De plus, nous sommes inquiets du fait que, lors de l’installation du revêtement extérieur, les clous ont été fixés aux planches à des profondeurs variables. Nous craignons que, de ce fait, l’eau puisse infiltrer les planches du revêtement et accélérer leur détérioration. 

Cette communication ne vise, à cette étape-ci, qu’à t’informer de la situation afin que tu puisses procéder aux démarches, aux vérifications et aux visites requises, notamment auprès du fournisseur du revêtement, et nous apporter, d’ici 15 jours, des solutions ou des réponses aux problèmes soulevés dans ce courriel. 

[...]

[9]               Des échanges de courriels suivent entre l’entrepreneur et les bénéficiaires de novembre à mai 2011. On peut en déduire que l’entrepreneur entreprend à tout le moins des démarches auprès du fournisseur en vue de lui signaler les problèmes observés. 

[10]           Le 11 mai 2011, le problème demeurant entier, les bénéficiaires dénoncent la situation à l’administrateur dans les termes suivants : 

[...] je vous transmets les courriels ci-joints afin de vous informer des démarches que ma conjointe et moi avons entreprises auprès de l’entrepreneur [...] le 15 novembre 2010 pour lui soulever un problème de fendillement du revêtement mural extérieur et nos questionnements concernant la pose de ce dernier. 

À cette étape-ci, nous ne souhaitons que respecter le délai prescrit de 6 mois après le constat de l’anomalie pour vous transmettre l’information afin de préserver, s’il y a lieu, nos droits à un éventuel recours au Programme de garantie des maisons neuves.

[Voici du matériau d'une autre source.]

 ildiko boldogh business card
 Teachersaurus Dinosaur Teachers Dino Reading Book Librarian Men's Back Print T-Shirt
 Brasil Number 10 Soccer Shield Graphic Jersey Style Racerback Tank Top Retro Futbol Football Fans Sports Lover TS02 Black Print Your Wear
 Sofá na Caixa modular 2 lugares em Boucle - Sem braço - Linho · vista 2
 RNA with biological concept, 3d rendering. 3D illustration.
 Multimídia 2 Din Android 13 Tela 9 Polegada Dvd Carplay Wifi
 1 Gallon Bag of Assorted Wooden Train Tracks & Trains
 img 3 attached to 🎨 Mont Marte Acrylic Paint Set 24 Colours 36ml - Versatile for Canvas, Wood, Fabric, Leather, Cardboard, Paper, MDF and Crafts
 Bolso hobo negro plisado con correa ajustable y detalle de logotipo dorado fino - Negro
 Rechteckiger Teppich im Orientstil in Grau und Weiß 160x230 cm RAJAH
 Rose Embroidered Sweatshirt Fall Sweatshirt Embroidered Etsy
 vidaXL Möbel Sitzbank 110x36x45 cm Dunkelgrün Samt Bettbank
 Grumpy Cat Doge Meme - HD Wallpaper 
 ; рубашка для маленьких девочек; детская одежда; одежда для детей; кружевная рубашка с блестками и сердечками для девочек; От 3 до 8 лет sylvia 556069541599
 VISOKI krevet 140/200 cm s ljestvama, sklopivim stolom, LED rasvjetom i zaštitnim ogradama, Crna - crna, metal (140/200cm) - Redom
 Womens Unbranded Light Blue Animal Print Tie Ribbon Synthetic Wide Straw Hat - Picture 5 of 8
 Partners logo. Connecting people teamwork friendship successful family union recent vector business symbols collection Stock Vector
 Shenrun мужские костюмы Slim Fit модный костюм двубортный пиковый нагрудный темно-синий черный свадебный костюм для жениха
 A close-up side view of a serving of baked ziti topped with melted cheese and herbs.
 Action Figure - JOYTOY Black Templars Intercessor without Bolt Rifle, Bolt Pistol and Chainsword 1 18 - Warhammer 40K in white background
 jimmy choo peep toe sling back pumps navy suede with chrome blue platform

Nous maintenons actuellement une excellente communication avec l’entrepreneur [...] qui assure un suivi étroit de notre demande et recueille l’information requise notamment auprès du fournisseur du revêtement extérieur. Nous demeurons très confiants que DAG Construction nous propose incessamment une solution à notre problème. 

[...]

[11] Au cours de l’été 2011, un représentant de l’entreprise Juste du Pin, le fournisseur du clin de bois, procède à une inspection des lieux. Il décline alors toute responsabilité, affirmant aux bénéficiaires que les problèmes dont ils se plaignent résultent d’une pose déficiente du produit et non du produit lui-même. Il leur écrit le 4 août 2011 : 

[...] J’ai constaté que le revêtement a été endommagé par des clous à l’installation et que les bouts de planches n’ont pas été coupé en angle et peinturé. Il s’agit de la base de l’installation des revêtements en bois. sic  [12] À la fin août 2011, les bénéficiaires constatent l’apparition d’autres problèmes, notamment que les planches se déforment. Ils adressent alors le courriel suivant à l’entrepreneur  dont ils transmettent une copie à l’administrateur : 

Comme tu sais, Christine et moi avons transmis à l’APCHQ une demande de réclamation en vertu du Programme de garantie des maisons neuves dans laquelle nous soulevions certains problèmes liés à l’installation du revêtement extérieur de notre résidence. Nos communications initiales faisaient état d’un problème de fendillement sur un des murs et du fait que plusieurs clous sur tous les murs étaient beaucoup trop enfoncés dans les planches du revêtement. Nous exprimions alors notre inquiétude que le revêtement extérieur se détériore prématurément. Or, nous avons effectivement constaté au cours des derniers mois d’autres signes de détérioration du revêtement sur tous les murs de la maison : fendillement accentué, planches craquées, arrondies, joints horizontaux et verticaux des planches ouverts. 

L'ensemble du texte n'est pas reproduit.